> _EXERCISE_
Keep to one stretch of the data below, the lines from the one with "Certified 2023 Subaru" up to and including the one with "Vanessa Bonino - sculptuur, Emerald", and return that stretch exactly.

> _SUPPLIED MATERIAL_
# # # # #

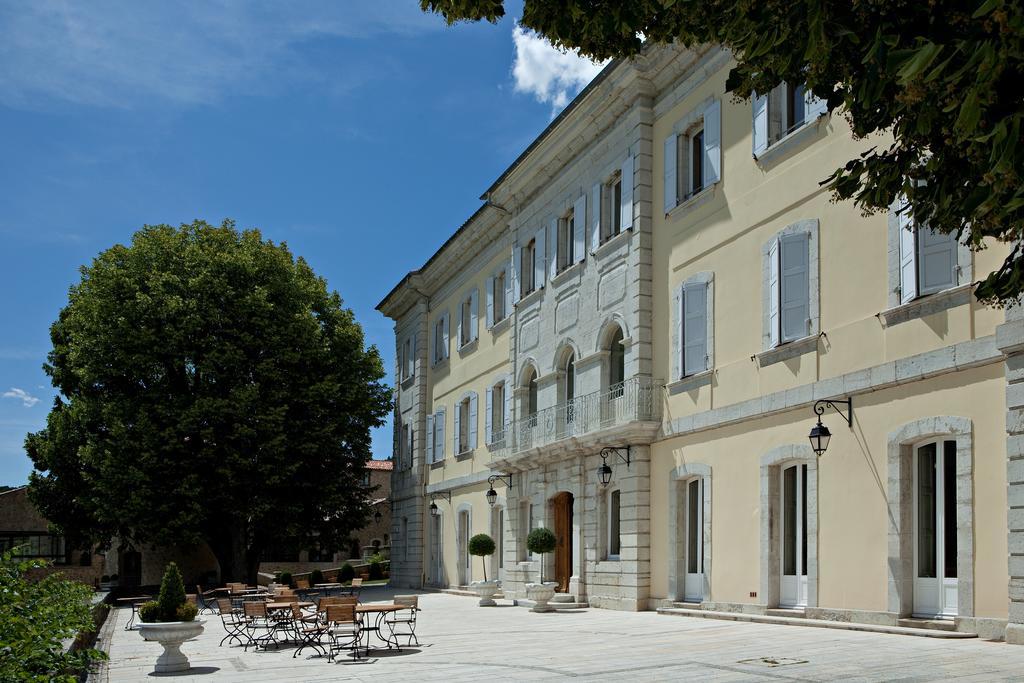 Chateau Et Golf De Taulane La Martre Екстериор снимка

# # # # #

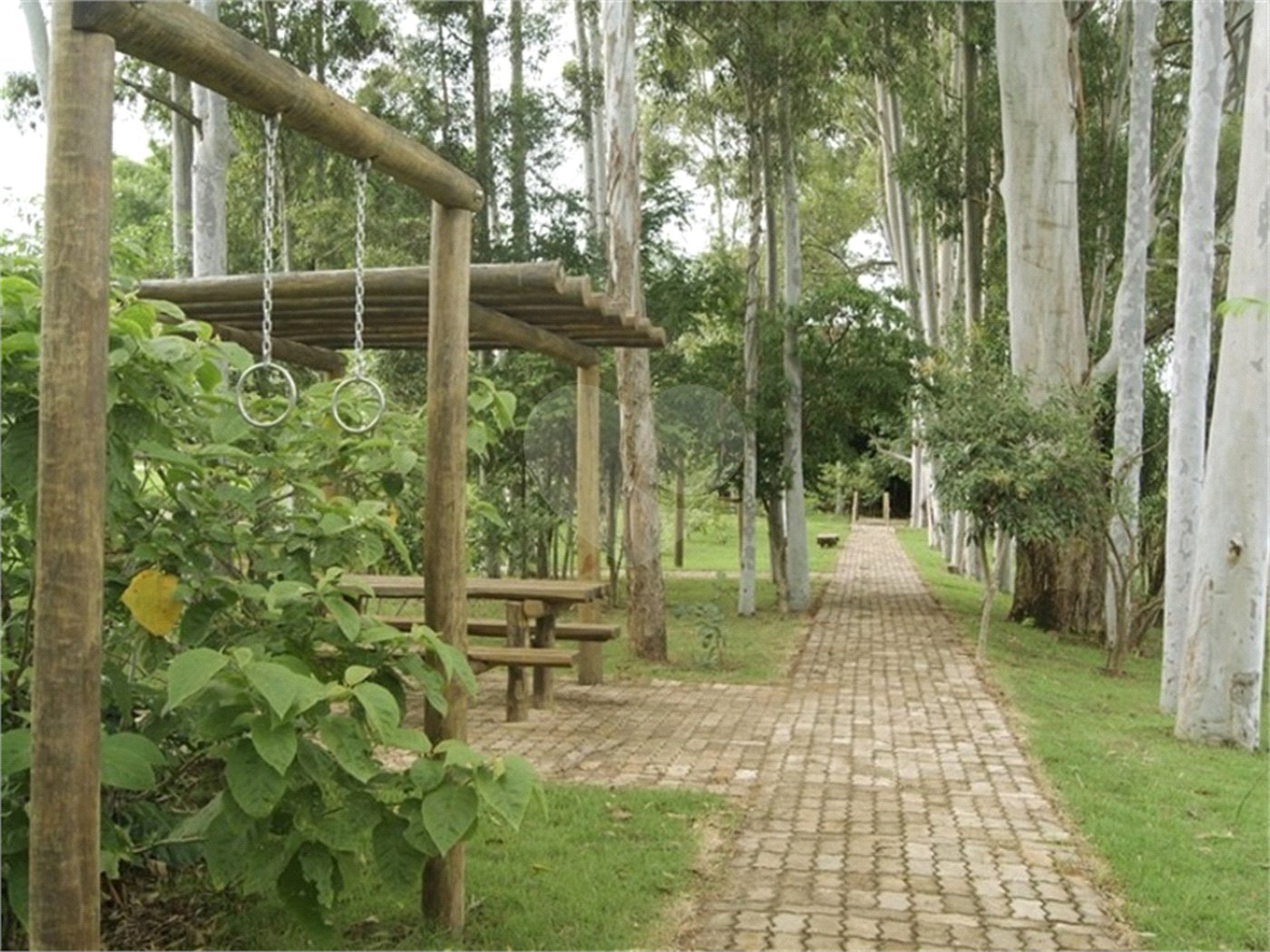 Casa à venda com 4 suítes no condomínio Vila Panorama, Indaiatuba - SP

# # # # #

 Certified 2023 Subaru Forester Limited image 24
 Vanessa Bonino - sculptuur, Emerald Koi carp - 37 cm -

# # # # #

> _REPLY TO THE EXERCISE_
 Certified 2023 Subaru Forester Limited image 24
 Vanessa Bonino - sculptuur, Emerald Koi carp - 37 cm -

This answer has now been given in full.